S: So you came through on your guarantee!
LML: Oh, yes. We in fact put access points in the boat house. You can paddle
around in a can'e on the Connecticut River adjacent to the campus and have good
wireless access.
S: How do you find that people are using wireless? You’ve had wireless
for more than a year– how are people picking up on this? How are they changing
their habits?
LML: In terms of just daily living, it’s increased people’s ability
to connect with each other at any time, either through e-mail, which is the
classic method, or through instant messaging–various forms that people
use, typically AOL’s Instant Messenger. It shortens planning horizons for
meeting people and getting together.
S: But there have always been ways for people to communicate about their
meetings. What is different about this?
LML: It increases spontaneity. It allows people to communicate and make changes
and ask questions even more on the fly than they could before.
S: Do you mean for social or academic communications?
LML: It includes social things, but also students talking with faculty, or
students checking some piece of information online more readily than they did
before. We have wireless in the stacks, and even though students could walk
around the library before with their laptops, now they can be connected to the
Dartmouth network or the Internet the entire time.
S: Has teaching changed? Are their any trends there that you can identify?

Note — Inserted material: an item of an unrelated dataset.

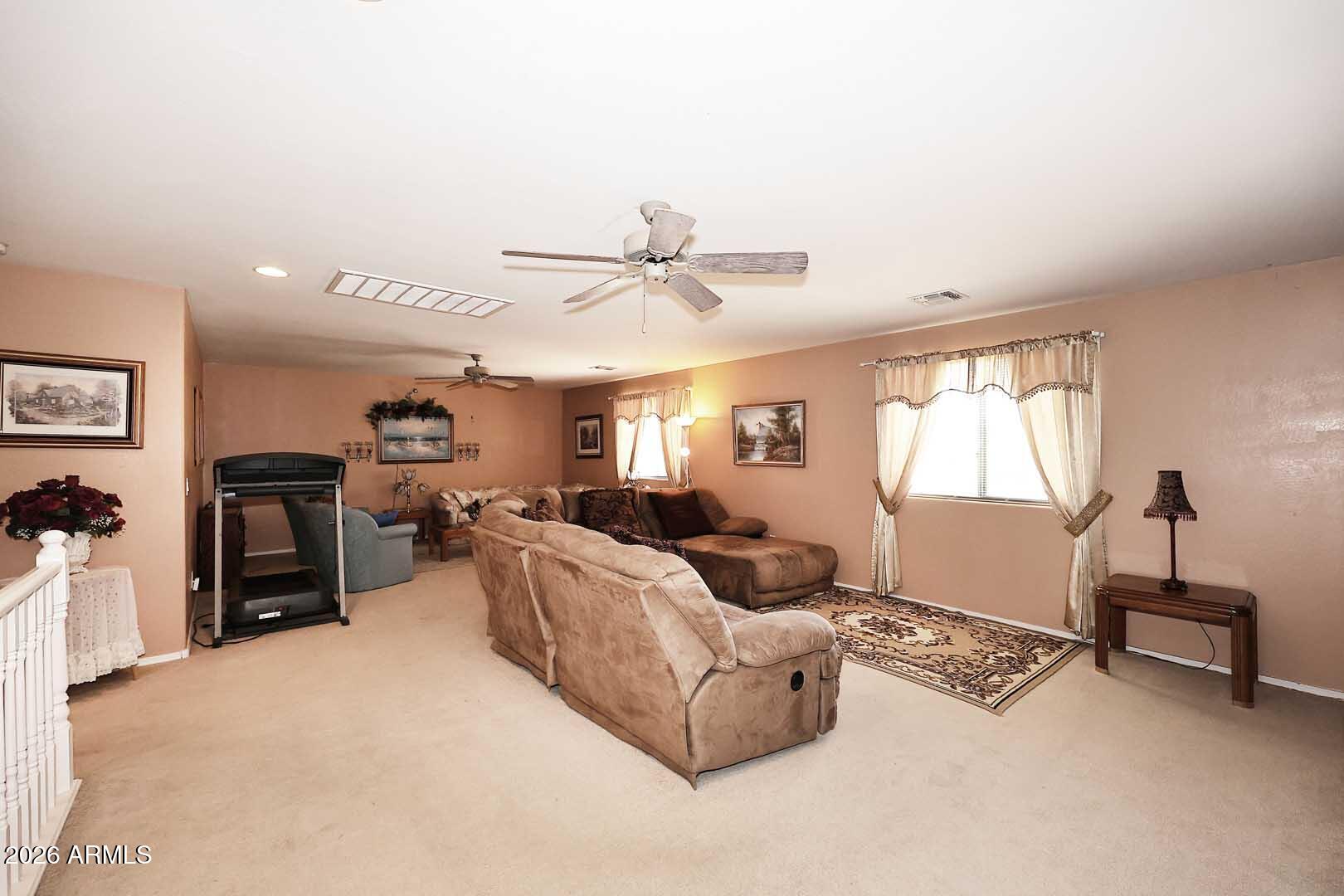 lot 281Vista De Montana Phase 1B MCR - Residential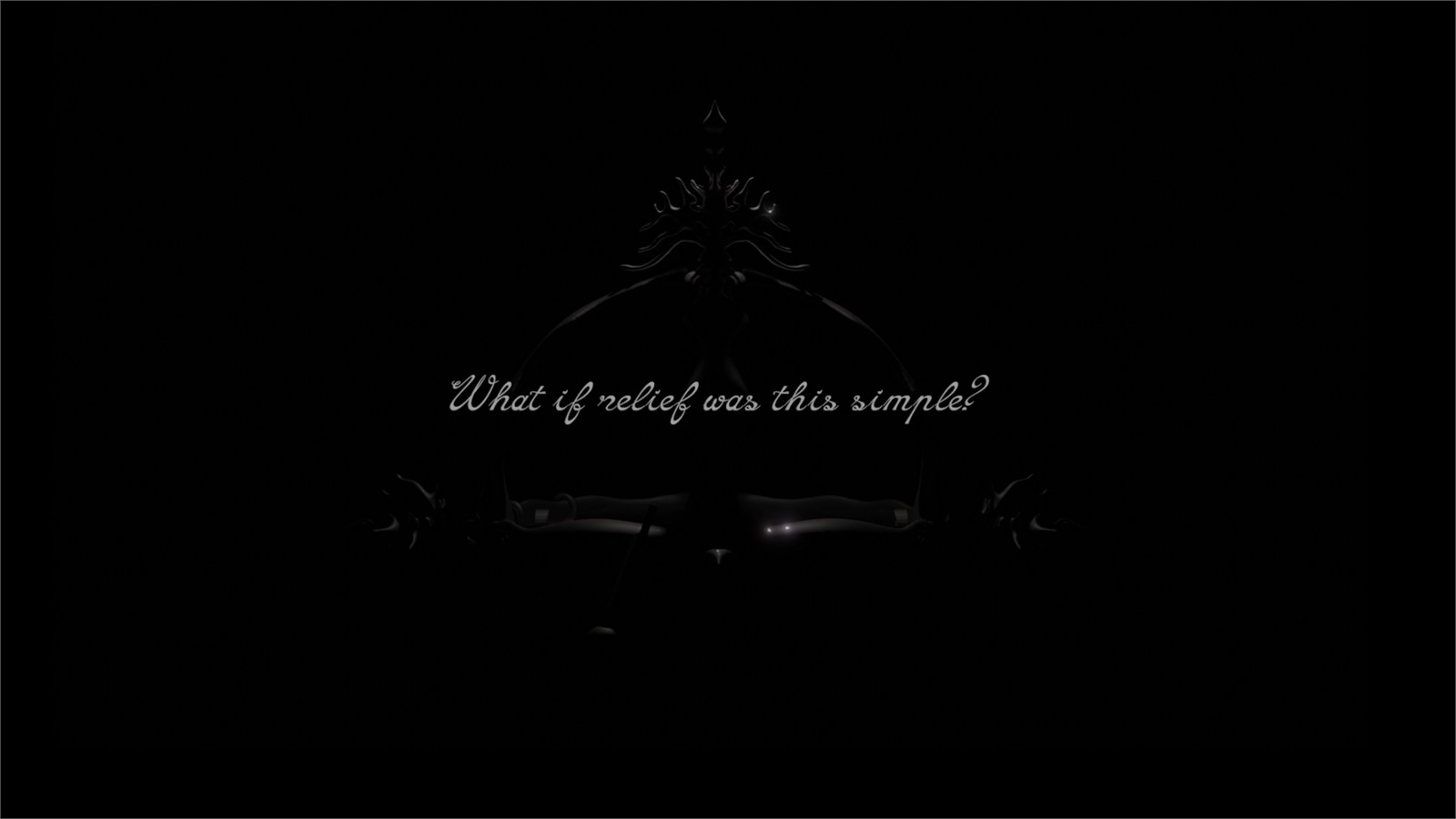 Lobotomy Kit video still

LML: I don’t think that it has changed how faculty teach. For the typical
faculty, teaching is still lecture- or classroom-style. They may say “Let’s
look this up...”but they don’t, for the most part, say, “Be sure
to bring your laptop to class.”
S: Are there any departments where the wireless access may be used as a
part of the class?
LML: Yes, in the School of Business, and maybe some classes in the School of
Engineering–those are professional schools, notably.
S: Are there any cases where there is intensive use of handhelds during
class?
There is one faculty member in the Psychology Department, who, because of the
wireless network did radically alter the way he teaches one class.
He acquired
80 Handspring Prism devices with wireless sleds and uses them in an ongoing
way while he lectures, and he has students downloading information in class,
pertinent to the lecture. The students interact with the server, with each other,
and sometimes with his teaching assistant, all during the class. He did all
this specifically as a way to make students be more actively engaged with the
information while it’s being presented to them.
S: How do the students react to that? Is it pretty positive?
LML: Oh yes, they love it. Students are much more comfortable with various
kinds of gadgets–they thought that this was great, and novel and stimulating.
S: So do you find that it’s mostly the students that are picking up
on wireless communications, rather than classroom use as determined by the faculty?
LML: That’s true–there is not a lot of live teaching use with wireless.
Where the use takes place I think is outside the classroom as people do their
work and as they communicate with each other. It frees people up.
S: What about use in the dorms?
LML: Our study revealed that wireless was used more in the residence halls
than anywhere else, but that would seem to make sense with almost a 100 percent
residential campus, and a general expectation that students would be the group
making the most use of technology. All the residence halls have been completely
wired for more than 15 years. It’s not like students haven’t had network
access in their rooms or lounges before, but with wireless, they have more flexibility.
They have access in their rooms, in the hallways, on the lawn, literally wherever
they want to be.
S: Are the students bringing portable devices to campus, then?
LML: Everyone is required to have a computer. Though it d'esn’t have to
be a laptop, most of them are bringing laptops and to a certain degree, the
availability of the wireless access is driving that decision.